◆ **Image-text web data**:
#####
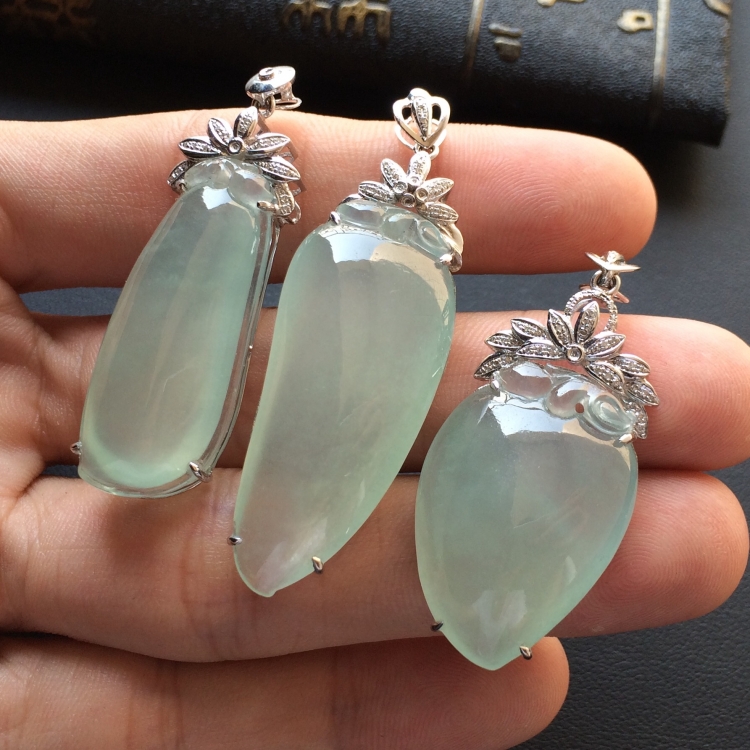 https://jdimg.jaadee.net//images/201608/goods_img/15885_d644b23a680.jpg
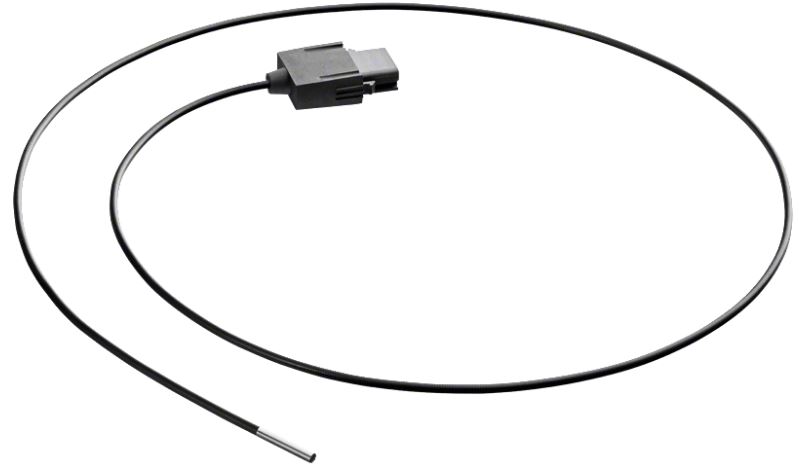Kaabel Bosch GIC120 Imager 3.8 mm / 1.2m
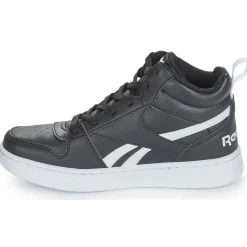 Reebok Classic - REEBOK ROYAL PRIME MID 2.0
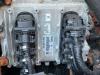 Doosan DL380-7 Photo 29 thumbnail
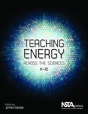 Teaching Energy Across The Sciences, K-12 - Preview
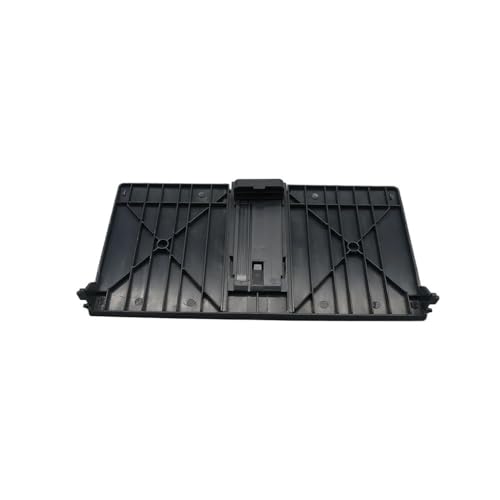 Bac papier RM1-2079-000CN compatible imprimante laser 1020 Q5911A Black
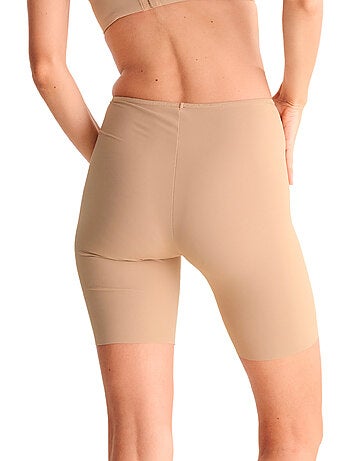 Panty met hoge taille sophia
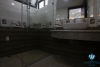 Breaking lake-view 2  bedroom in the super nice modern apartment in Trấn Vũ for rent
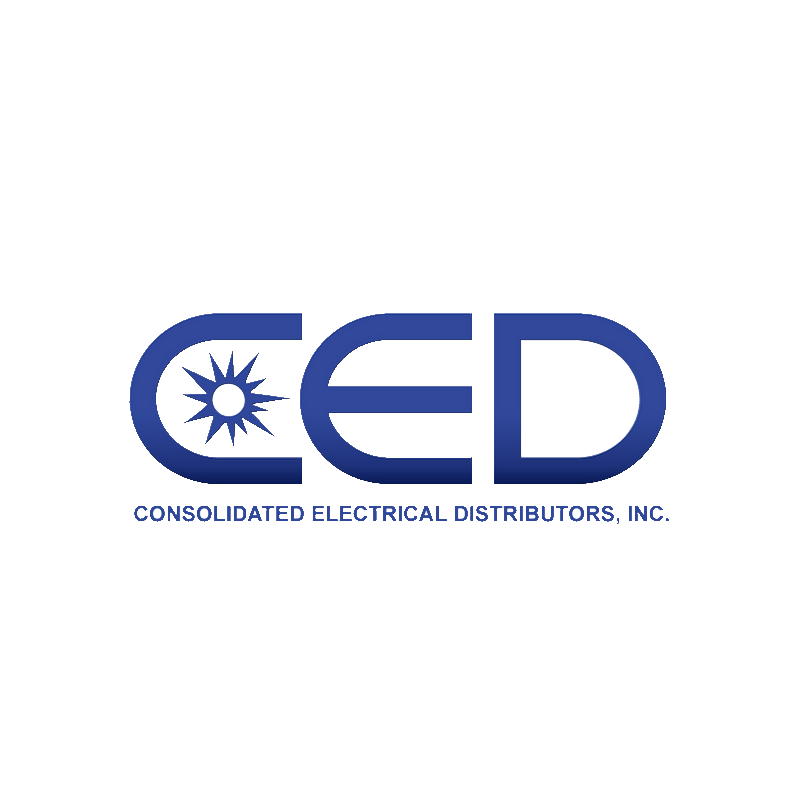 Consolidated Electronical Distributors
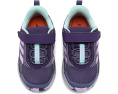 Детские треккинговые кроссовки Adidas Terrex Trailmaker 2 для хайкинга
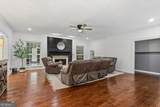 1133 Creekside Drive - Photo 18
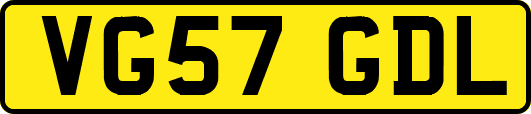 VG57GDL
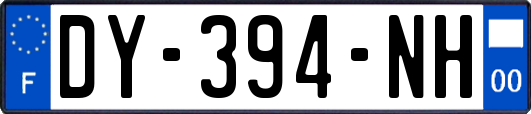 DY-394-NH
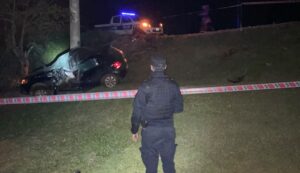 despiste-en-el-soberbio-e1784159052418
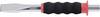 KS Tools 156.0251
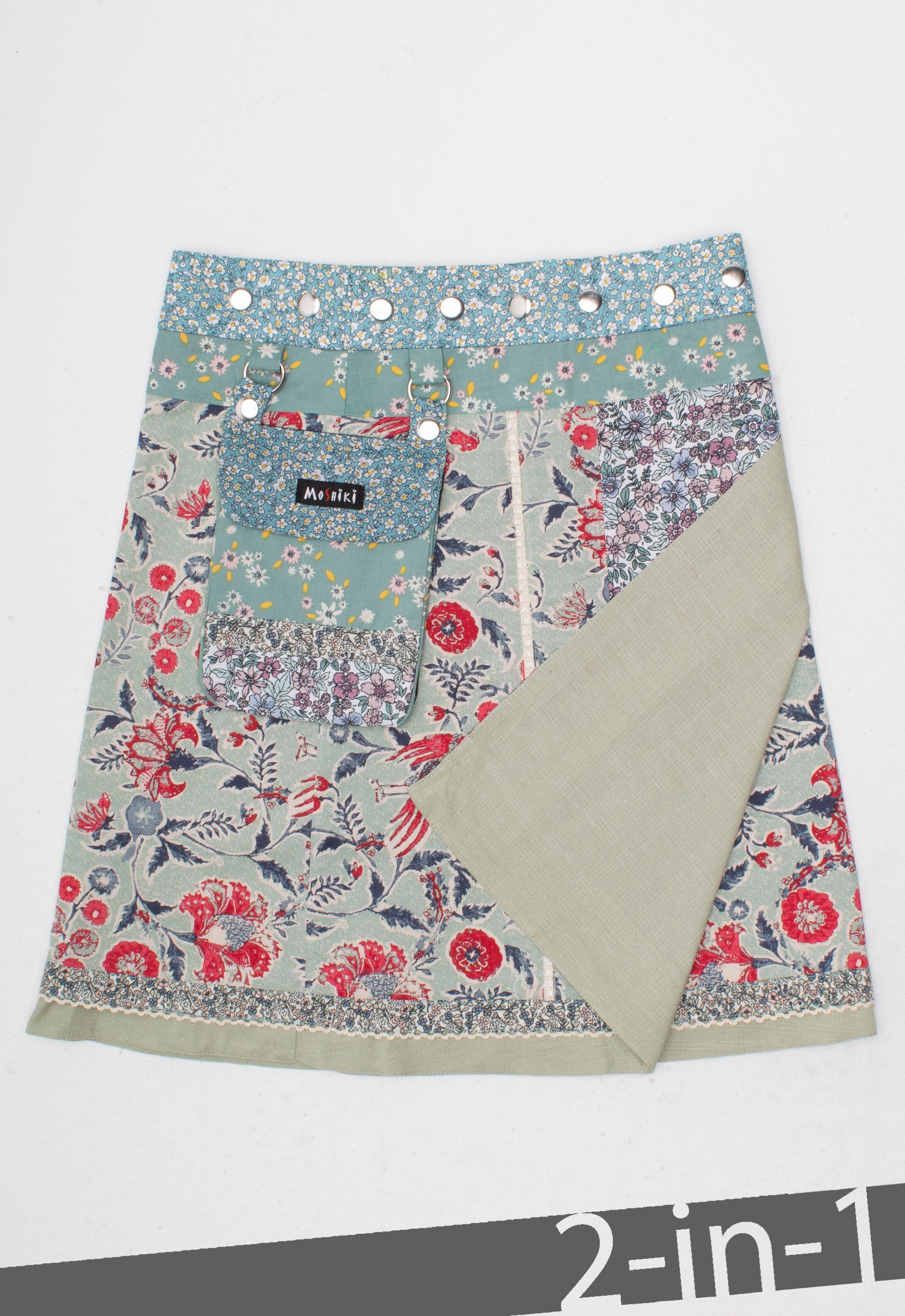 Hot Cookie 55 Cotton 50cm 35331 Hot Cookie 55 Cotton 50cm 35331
#####
◆ **Your task**: Retype, word for word, the line containing "Reebok Classic - REEBOK ROYAL PRIME MID 2.0" and each line after it through the end of the data, leaving any picture out.

◆ **Exercise result**:
 Reebok Classic - REEBOK ROYAL PRIME MID 2.0
 Doosan DL380-7 Photo 29 thumbnail
 Teaching Energy Across The Sciences, K-12 - Preview
 Bac papier RM1-2079-000CN compatible imprimante laser 1020 Q5911A Black
 Panty met hoge taille sophia
 Breaking lake-view 2  bedroom in the super nice modern apartment in Trấn Vũ for rent
 Consolidated Electronical Distributors
 Детские треккинговые кроссовки Adidas Terrex Trailmaker 2 для хайкинга
 1133 Creekside Drive - Photo 18
 VG57GDL
 DY-394-NH
 despiste-en-el-soberbio-e1784159052418
 KS Tools 156.0251
 Hot Cookie 55 Cotton 50cm 35331 Hot Cookie 55 Cotton 50cm 35331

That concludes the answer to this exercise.